Mission · Cuppa Harness

Cuppa Harness: the pattern library for the model-churn era

2 May 2026

The model layer churns. A new state-of-the-art lands every few weeks, context windows triple, prices halve, providers come and go. If your product is built around a specific model — a specific tokenizer, a specific tool-call format, a specific cloud endpoint — you spend your engineering budget chasing the bottom of the curve instead of building the product.
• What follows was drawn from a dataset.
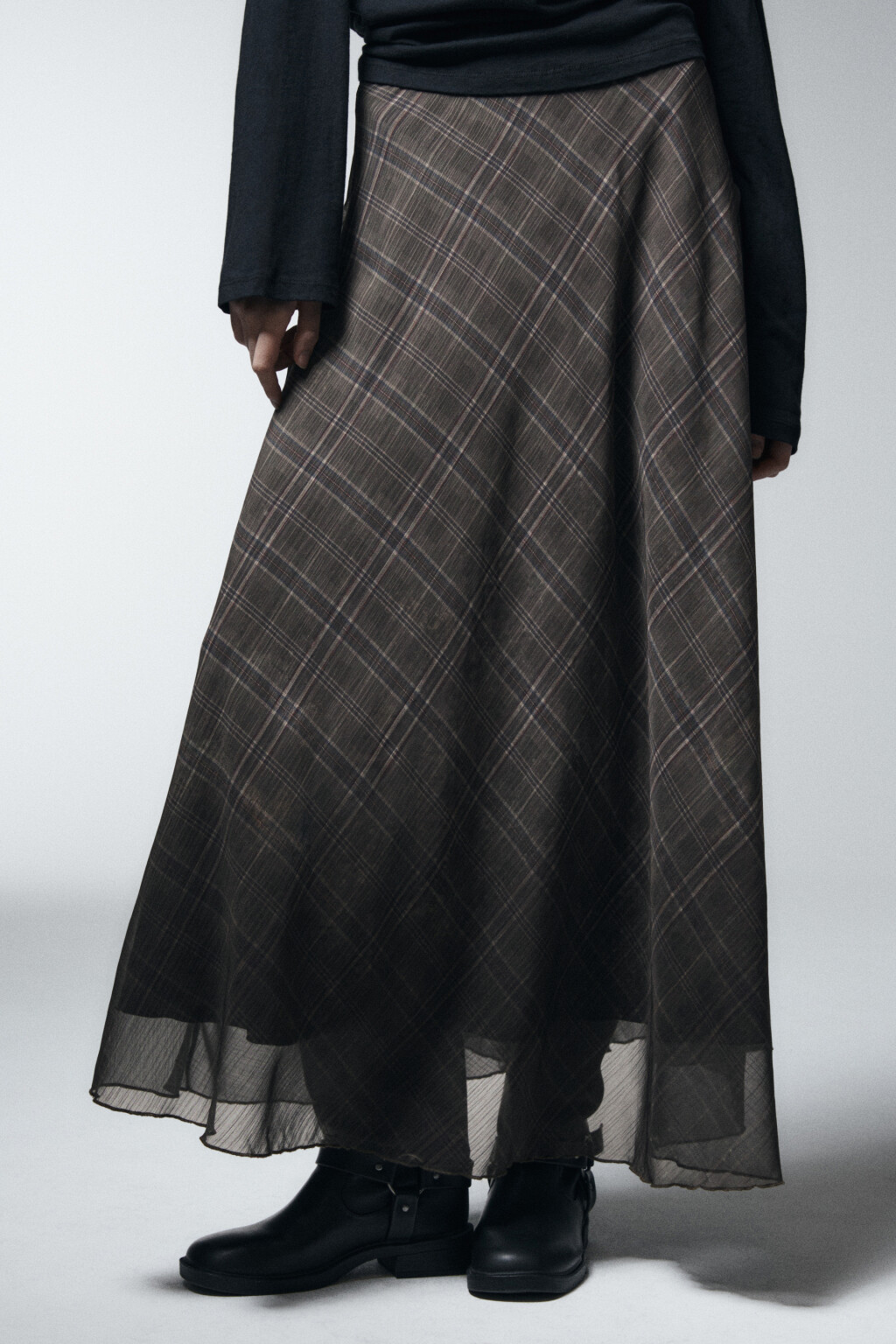 Юбка-трапеция макси с волнистым краем - цвет зеленый - 2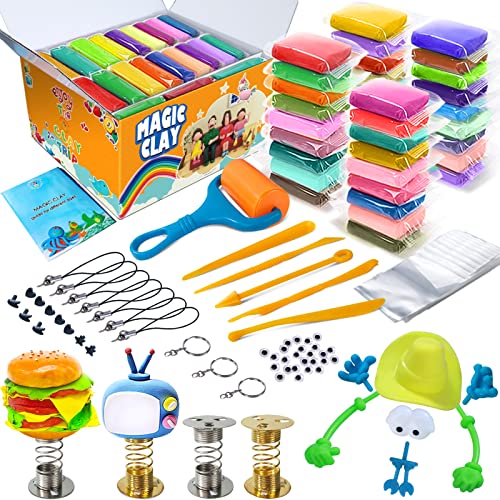 ESSENSON Modeling Clay Kit - 36 Colors Air Dry Magic Clay, DIY Molding with Sculpting Tools, Party Favors Kids Art Crafts Best Gift for Boys & Girls Age 3-12 Year Old - color: 36 Colors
The bits that don’t churn — the way you compose a request, fan out to multiple providers, repair malformed JSON, judge responses, retry with correction — those are durable. We’ve been building them for a year inside a shipping iOS app. Cuppa Harness is the extraction.

Why “harness”?

Strap a horse to a cart and the horse does the work. The harness is just leather and buckles, but without it nothing pulls. Our patterns are the harness around the model: utterly unglamorous, mostly invisible, and the reason the cart moves.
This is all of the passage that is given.